How strange in 2017 that establishment universities, and city councils and mayors, are found guilty of racism for allowing century-old icons of Southern Lost Cause pride to stand. They seek atonement by offering politically correct pieties, while they order their work crews out to the parks at midnight.
But in such a Jacobin climate, shouldn’t civil-rights activist Joan Baez, for example, be condemned retroactively for her thought crimes?
She jump-started a second career in 1971 with her rendition of “The Night They Drove Old Dixie Down.” Her likely motivation for redoing the tune, aside from natural career concerns, was that it’s a powerful lyric piece and a magnanimous expression of empathy for the South’s post-war poverty and humiliation. But for anyone else, romancing slavery and racism would still be a felony in the eyes of the Orwellian thought police.
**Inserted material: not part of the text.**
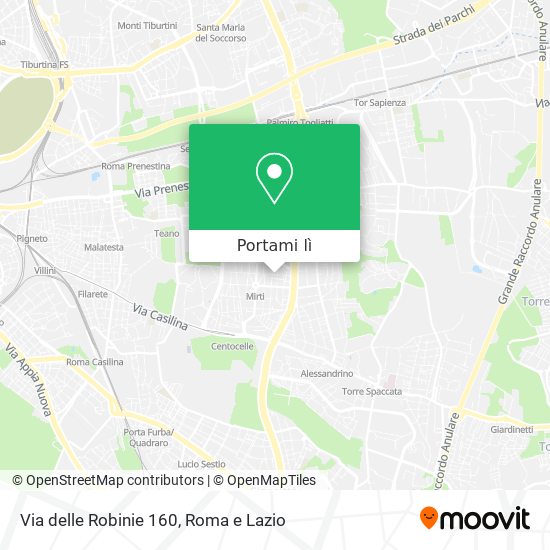 Mappa Via delle Robinie 160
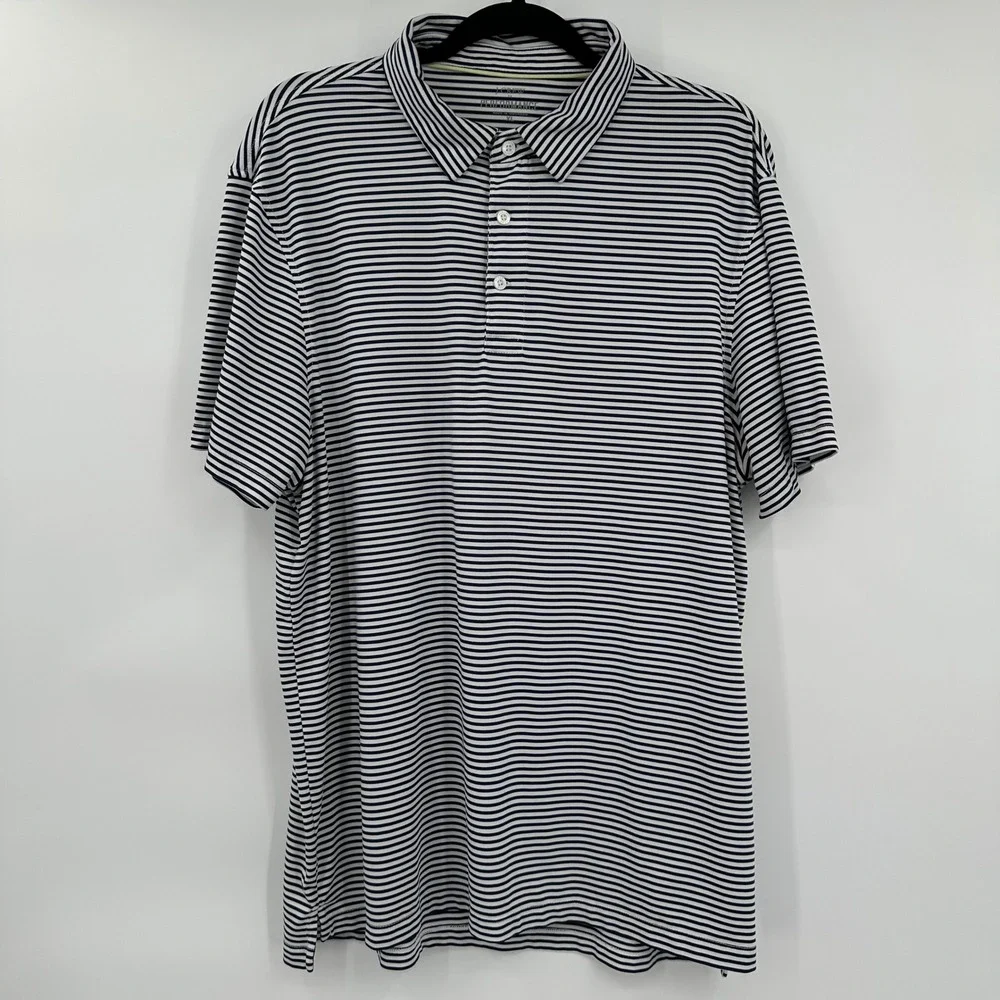 Men's J Crew Striped Performance Polo Shirt Black and White Activewear Size XL‎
Instead Baez’s perennial exemption is simply because she is, after all, Joan Baez.
Apparently, it would be a lot creepier (and more work) to ban “The Night They Drove Old Dixie Down” from the airwaves and downloads than to put on a black mask and chip off Stonewall’s nose, winning applause from CNN and MSNBC.
For progressives, there are two Confederacies: the benign, hip mythology that channels counterculture defiance and that has been conveniently cleansed of slavery and secession, and the pernicious sort that imputes racism to its supposedly white-trash adherents.
In other words, all Confederate romantics are bad, but some are not so bad after all.